YOUR ASSIGNMENT »
The required output holds only the lines from the one containing "Lynk&co 01 PHEV 2021 **full optional**" through the end of the material below, copied exactly, please, with no pictures.

SOURCE MATERIAL »
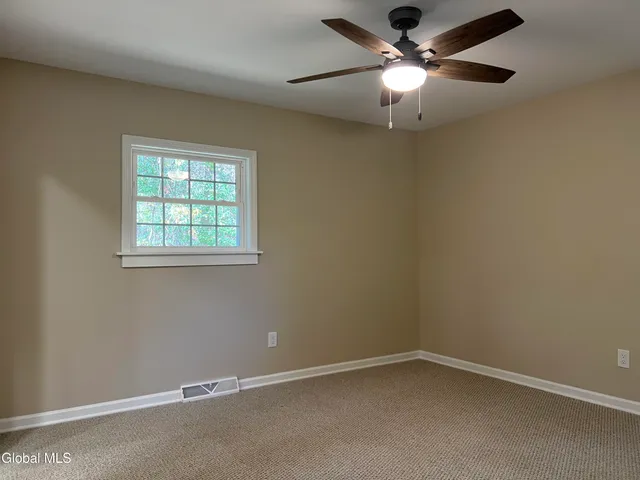 $549,900 | 5 Zeph Street, Poestenkill, NY 12198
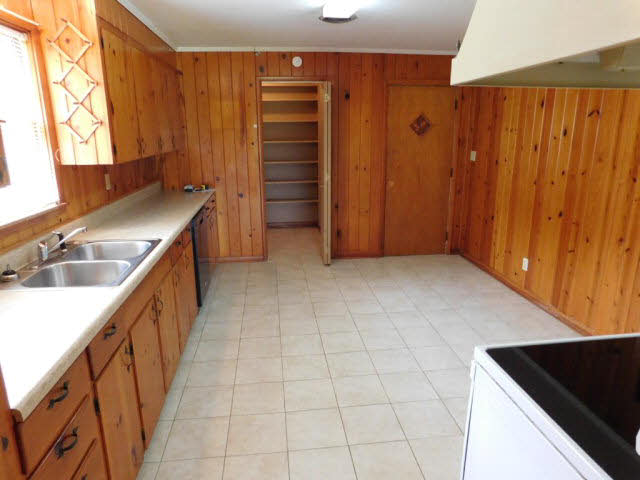 420 West Magnolia Avenue Foley, AL 36535 - Photo 5 of 22 Kitchen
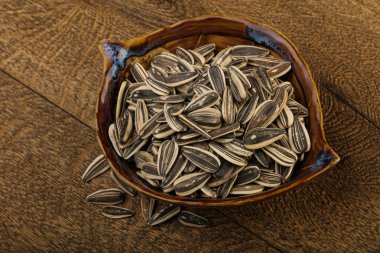 Kabın içinde ayçiçeği tohumu 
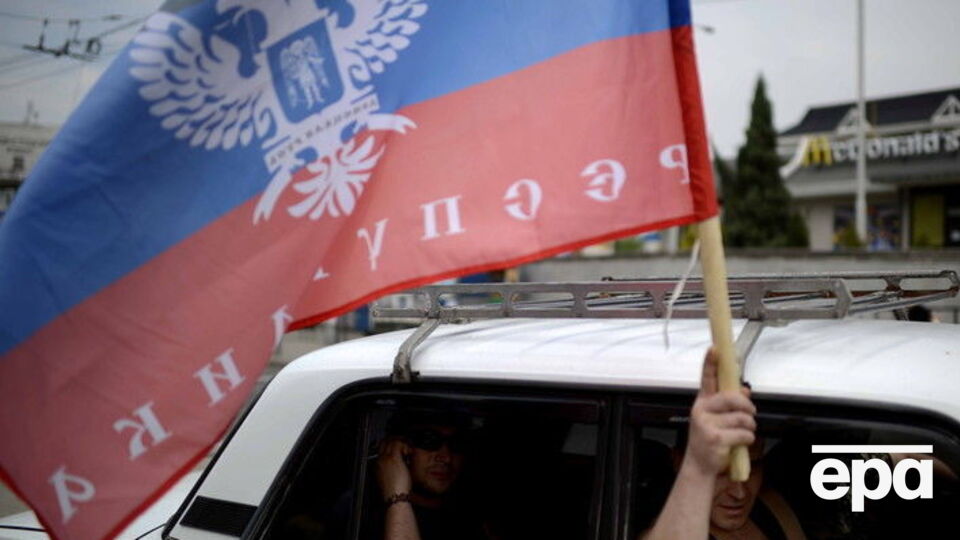 Прокурор заявляет, что поддельный паспорт приобрел, чтобы было легче пересекать блокпосты "ДНР" и попадать на оккупированную территорию к родным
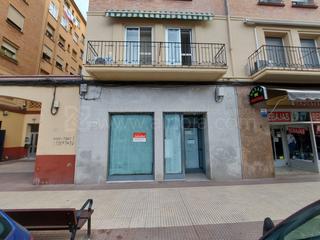 Location Local commercial  Marques de murrieta. Local acondicionado en calle marques de murrieta. frente a los j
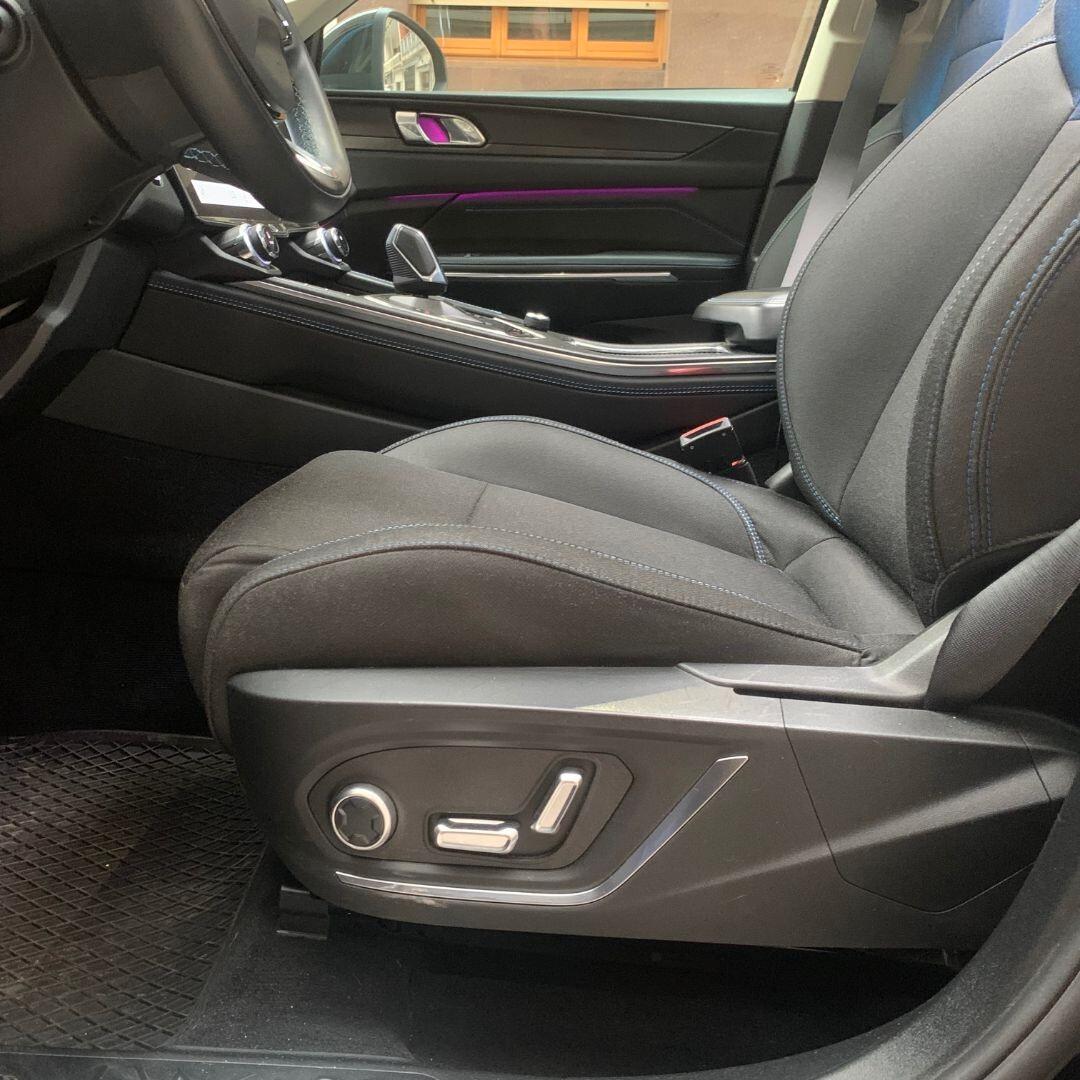 Lynk&co 01 PHEV 2021 **full optional**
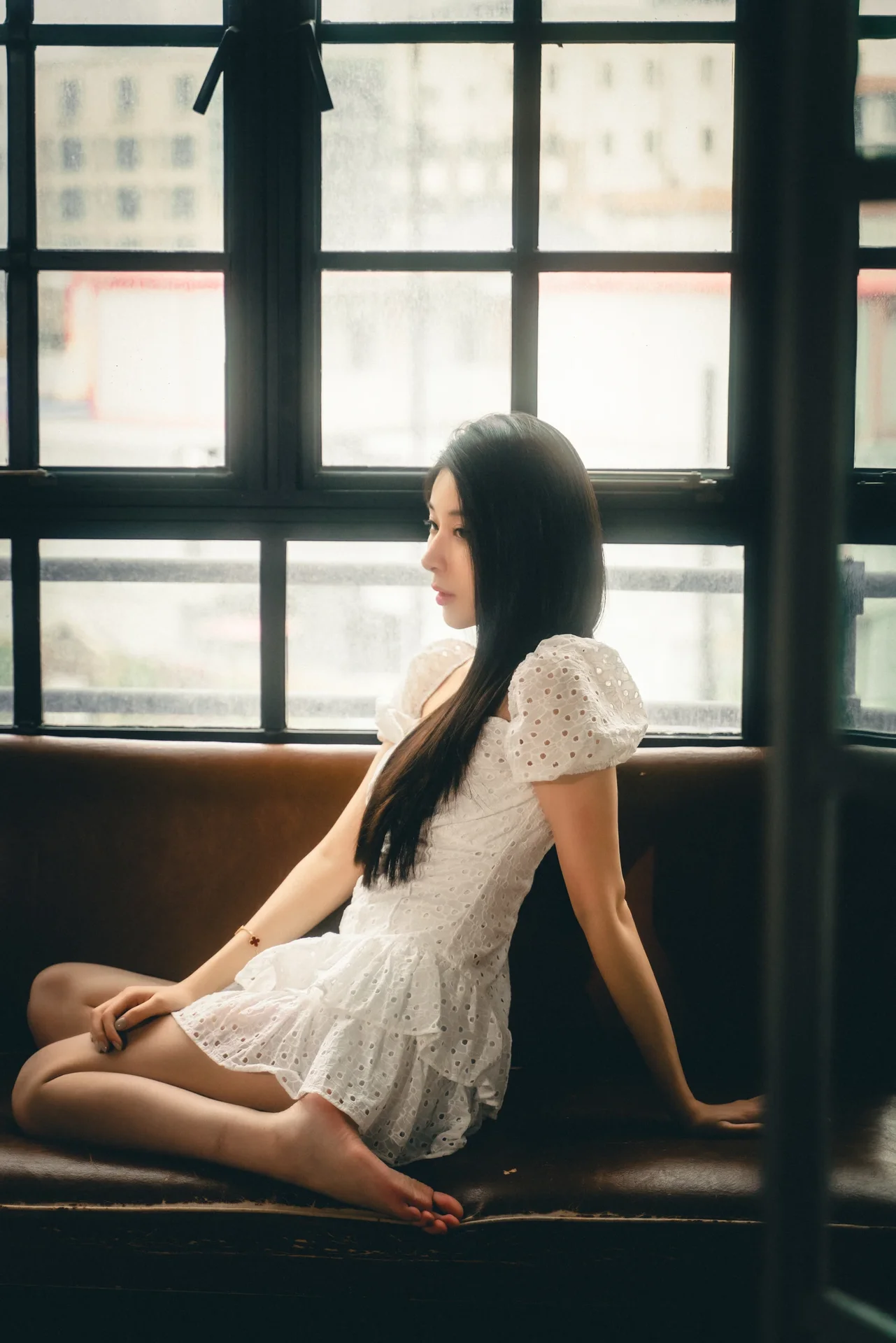 Emotional Visuals: Exploring the Theme of Yearning with Jia Min in YITUYU Art Language
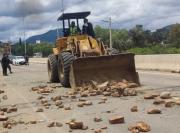 La ABC tras acuerdo está limpiando las carreteras en los puntos de bloqueo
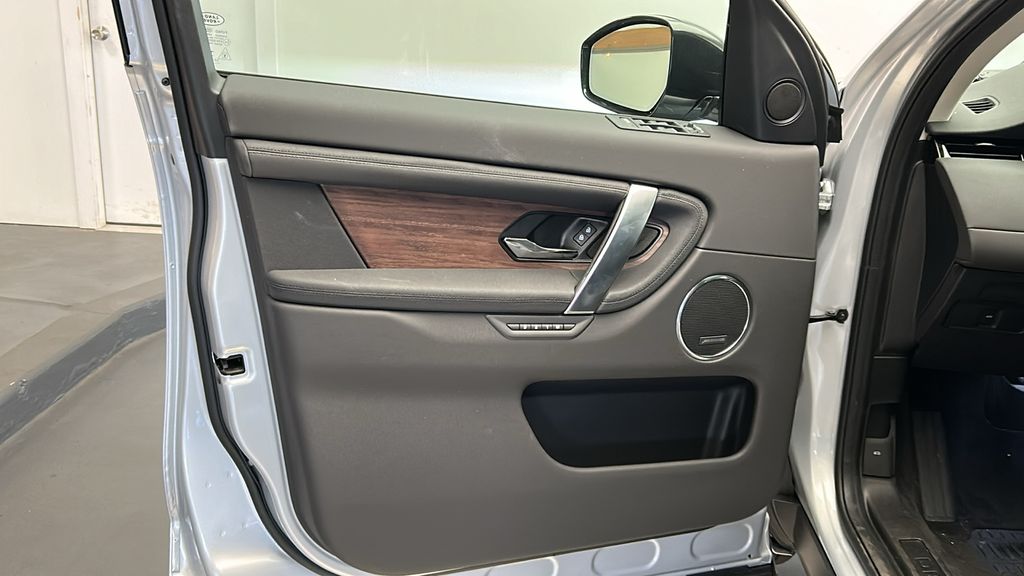 Thumbnail: 2025 Land Rover Discovery Sport - 11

TASK RESPONSE »
 Lynk&co 01 PHEV 2021 **full optional**
 Emotional Visuals: Exploring the Theme of Yearning with Jia Min in YITUYU Art Language
 La ABC tras acuerdo está limpiando las carreteras en los puntos de bloqueo
 Thumbnail: 2025 Land Rover Discovery Sport - 11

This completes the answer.